Of course, we could keep this defn in bytearray, but then bytearray::toByteArray(str) looks a bit weird...

At least with the current system (and with the future one, if we allow a sufficiently useful form of reexports), we could define string::toByteArray in bytearray.effekt, though.

As one vote, I would prefer toX/asX over fromX, since then overloading is on the source type, which feels more intuitive/conventional. [EDIT/Minor addition: Also, fixing the return type manually is annoying in the REPL.]

marzipankaiser avatar Dec 10 '25 09:12 marzipankaiser

We also have bytearray::toString and char::toString and then also show for Char. We also have char::digitValue. Then there is record UnionFind(rawElements: ResizableArray[Int]) which is basically a newtype and UnionFind and rawElements are the witnesses.

I would distinguish between 1. the two halfs of an isomorphism, 2. injections (like byte.asChar) and 3. projections. I am confused about double.asInt, this is not lossless?

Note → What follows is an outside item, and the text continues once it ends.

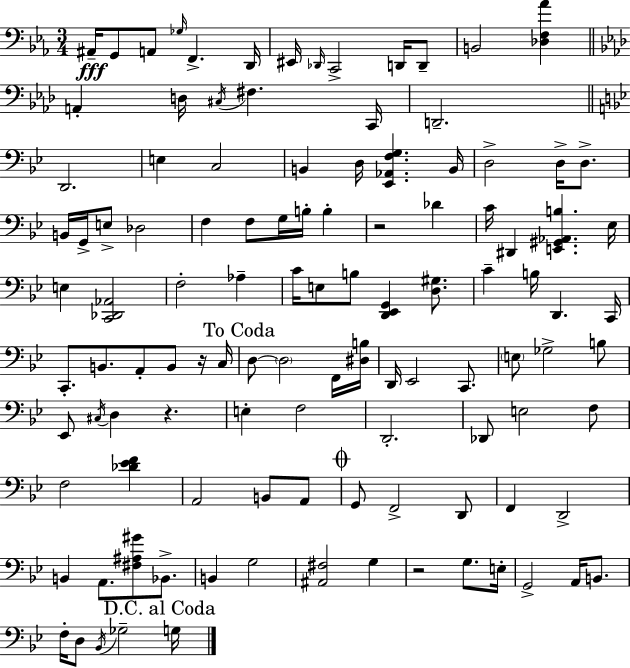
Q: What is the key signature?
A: C minor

I believe toInt is a nice example, since we have it on Char, Double, Byte, String, and String with base. These are totally different kinds of functions.

phischu avatar Dec 11 '25 21:12 phischu

I am confused about double.asInt, this is not lossless?

All of the asX mentioned above would essentially be what C++ calls reinterpret casts (or at least very close to them). In my mind, double.asInt would be "reinterpret the bits of this 64bit float as a 64bit integer" which is lossless, as compared to double.toInt which is not lossless (truncating its values the process).

EDIT: The purpose of mentioning both double.toInt and double.asInt was to show that there might be confusions when multiple different conversions are defined between two types. Therefore any similar convention either needs to be "intuitive" enough, or suffer from similar misunderstandings.